But intermediates and beginners shouldn’t feel neglected. Signs atop Rendezvous Mountain, the exit point for the tram, point out the easiest way down the massive bowl. A few careful turns can deliver blue-level skiers and riders to the maze of runs within Cheyenne, Bernie’s and Laramie bowls. All told, there are 22+ groomed runs, from a leg-burning 7.2-miles from the top of the tram to the mountain base to mellow lines off the eight-person Gondola and the Casper Quad.

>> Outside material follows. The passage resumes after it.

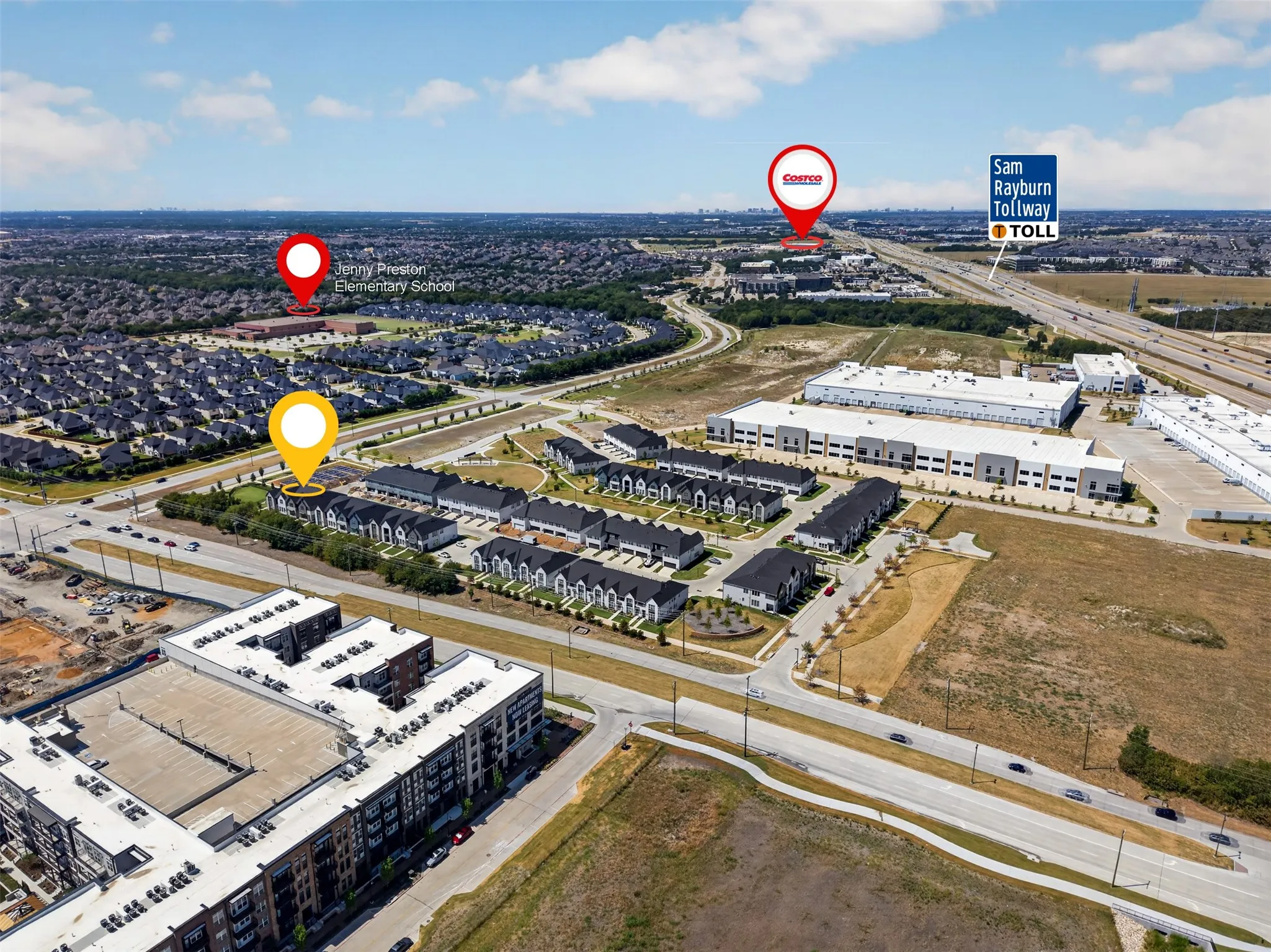 Aerial perspective showcasing a residential development, commercial buildings, and major roadways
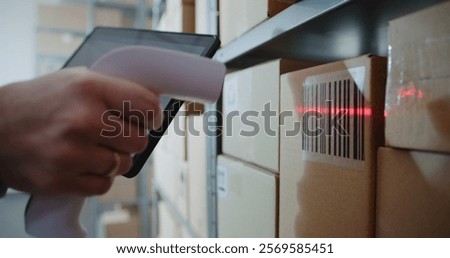 Inventory Manager Scans Code on Cardboard Box with Barcode Scanner, Checks Parcel Information. Tablet Computer Screen Shows Delivery Tracking System for Monitoring Package with Online Orders. Close Up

Only ten percent of the defined runs at Jackson are rated to beginners, but what they lack in expansive terrain they make up with small-group ski classes. They break out into distinct age groups, from multi-day ski camps, rough-riding kindergarteners and first graders to group and single classes for adults.
They also have one beginner-level terrain park and four other "stash" parks throughout the mountain. But really, the intoxicating visage of those towering mountain peaks should imbue first-timers with a lifelong love for the resort.
As impressive as the mountain is, skiing and snowboarding is only part of the overall Jackson Hole story. Teton Village, the mountain base, takes all comers, from ski and boarding bums happy to bed down in a hostel to high-end, eco-friendly digs. The Mangy Moose is an après must-stop, sporting a boisterous crowd already tipsy from the day’s exploits, along with live music to provide the perfect soundtrack for whatever unfolds when the lifts close.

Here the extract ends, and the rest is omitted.